The biomarkers in the study can be used “to indirectly evaluate the extent of damage” due to neurodegeneration or a traumatic injury, said zu Eulenburg, who is a neurologist and professor of neuroimaging at the German Center for Vertigo and Balance Disorders. Neurofilament light chain, for example, is a structural protein that maintains neurons’ axons, which transmit signals to other neurons.
In a healthy person, “you shouldn’t be detecting much of those structural proteins in the blood,” Kawata said. But if someone has a neurodegenerative condition, the proteins dislodge from the neurons and can get into the bloodstream.
Interpreting the results
The researchers measured five proteins 20 days before launch and calculated the average level for each protein across the five cosmonauts. They then compared this to the average level one day, one week, and 20 to 25 days after the cosmonauts returned to Earth.
Two of the proteins had elevated levels both one day and one week after the missions. These levels dropped over the next two weeks, but remained above the cosmonauts’ baseline level from before the missions. A third protein wasn’t significantly elevated in the first week after returning and had dropped below the baseline after three weeks, so it wasn’t indicative of potential brain damage. For the final two proteins, the researchers typically look at the ratio of one to the other. The ratio dropped after the cosmonauts returned, a trend that is sometimes seen in people with a neurodegenerative condition.
zu Eulenburg said that the fact that some levels remained elevated for the entire three weeks was “very surprising,” and the results “verified brain injury as a consequence to long-duration exposure to microgravity.”
“This is obviously a pilot study, but the data quality and the analytics are so robust that I have no doubt in the overall effect,” he said.
The seriousness of these effects remains uncertain. Roberts said the paper contains “initial data suggesting that there is some type of injury to the brain,” but cautioned that more work needs to be done to show the effect on astronauts’ health.

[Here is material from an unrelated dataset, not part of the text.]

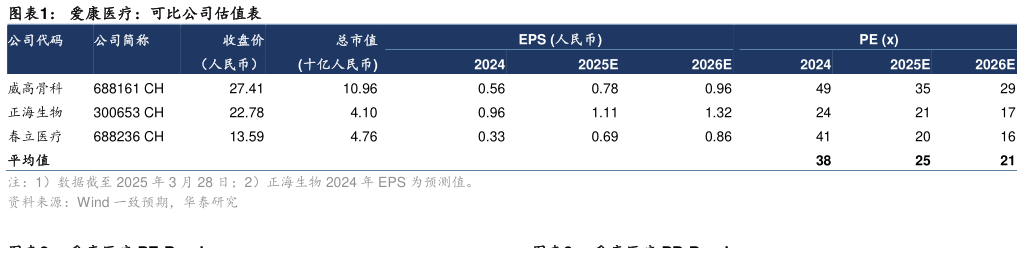 如何看待爱康医疗:可比公司估值表?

Kawata said the paper is not evidence that if you go to space, you’re going to get Alzheimer’s disease, for example.
Both Roberts and Kawata would like future studies to measure the biomarkers for longer than three weeks after astronauts return, as well as while they are on the space station, which would help determine if the elevated levels are due to time spent in microgravity, rather than the change in gravity upon return, or the intense force experienced during landing.
Roberts said understanding the cause of the elevated biomarkers would help space agencies figure out which sorts of measures would best counteract the effects. zu Eulenburg thinks time spent in microgravity is the most likely cause, since imaging studies have shown that changes in the brain don’t occur for people on shorter trips, so the elevated levels might start while astronauts are still in space.

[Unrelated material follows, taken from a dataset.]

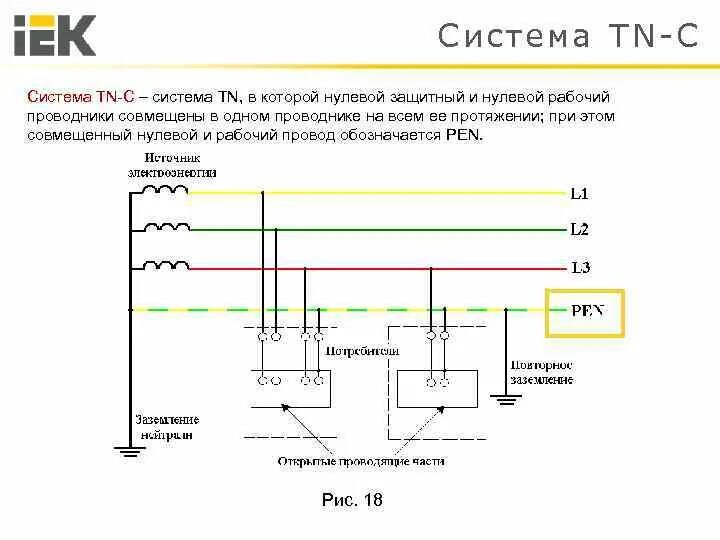 TN-C-S система заземления. Pen проводник обозначение на схеме. Что такое нулевой защитный проводник Ре. Совмещенный нулевой рабочий и защитный проводник Pen.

Kawata said it shouldn’t be a big problem if biomarkers are only elevated for a couple of weeks in total. But zu Eulenburg said via email that three weeks of elevated levels are a sign of a “substantial” reparatory process. And other studies have shown that changes in the brain and cognitive effects last for at least several months after spending months in space, suggesting that elevated biomarkers could last longer than a couple of weeks.
“I would feel very cautious about doing a one-year mission aboard the [space station] without sufficient countermeasures in place,” said zu Eulenburg.
Roberts said she feels confident that science will be able to find ways to protect astronauts from adverse effects. “Ultimately our goal is to become a multiplanetary species… but we have to be smart about it along the way.”